Quite often, that office would be a political one. The need to humanise that office arises from the realisation that a political office, and its survival,  rest on acceptance by the subjects. And acceptance, to a certain degree, in turn, rests on popularity.

Thus in Malay folklore, we would hear of instances where the Sultan would go “to the ground” disguised as a subject in order to personally find out the feeling on the ground.

Sultan Alauddin Riayat Shah (who replaced Sultan Mansur Shah as Melaka’s 7th Ruler), for example, was well known for going undercover at night when he heard that the Temenggong (old day equivalent of the present day  IGP) was not doing a good job. He caught a thief trying to break into a house and promptly cut his hand and hang the hand on the verandah of the house.

Perhaps that account drew its  origin from the many legends of great leaders going undercover in order to get a feel of the people whom they ruled.

Caliph Harun al-Rashid has, for example,  often been romanticised in Islamic folklore as a charismatic and fair leader who often disguised himself as a “commoner” who walked the streets of Baghdad at night and chatted with traders and peasants.

During such night sojourn, the Caliph would be told of how the high taxes were taking a toll on the traders and his subjects. Of how the judicial officers were taking bribes. Of how the traders had to pay the police. Of how the people felt that the ruler would never ever come to the streets of Baghdad to feel the sufferings of his subject. Of how the people felt about the Ruler’s seeming obsession with nice new palaces, bridges and buildings.

It therefore came as no surprise that our present Prime Minister, Dato’ Sri Najib Razak, upon taking the office, would initiate a walkabout around Kuala Lumpur, boarded the LRT and went to Brickfields. After all, Tun Abdullah, before him had almost perfected the art of walkabouts.

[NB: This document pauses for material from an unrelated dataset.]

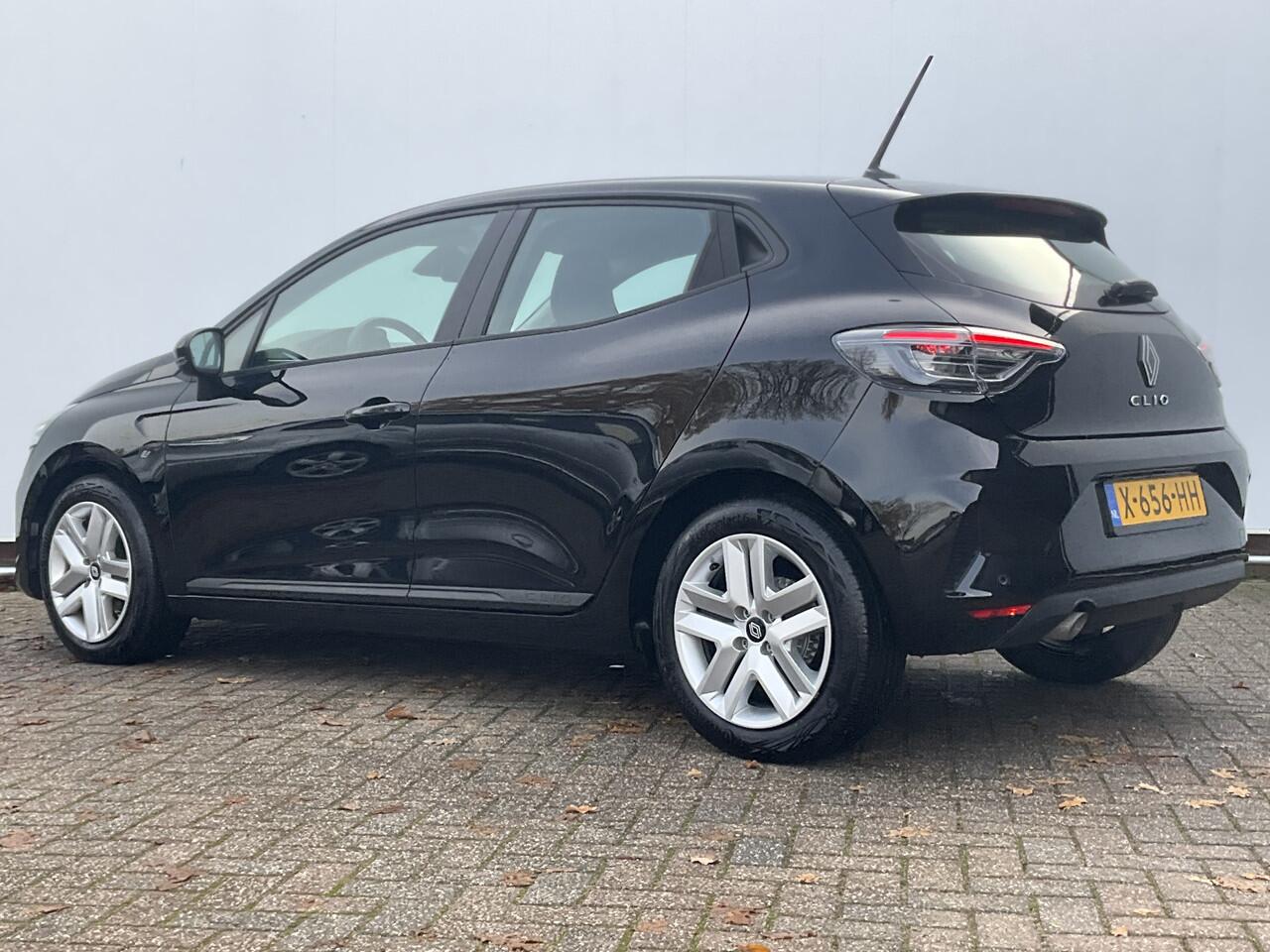 Renault CLIO 1.0 TCe 90 GPF evolution Facelift Cruise Carplay Pdc NL-Auto 2023 24259KM!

It is a show of a fellow human being walking around fellow human beings who happened to be the former’s subject. Although of course, the presence of two or three batteries of bodyguards, a platoon of camera-clicking microphone and recorder waving journalists  and the usual hangers-on almost turned the walkabouts into some sort of a farce.

If there was a small advice which I would be permitted to give in respect of the walkabout, it would be this. I would say that the Prime Minister should not form any conclusion and make public a factual opinion during or after the walkabout. Because it is near impossible for a Prime Minister – or anyone for that matter – to form an opinion on a factual matter, make a factual finding and announce his conclusion just from having a single walkabout.

There lies the problem with the Prime Minister’s conclusion that the people of SS2, Petaling Jaya, were nowadays feeling “safer” after his walkabout in SS2 recently.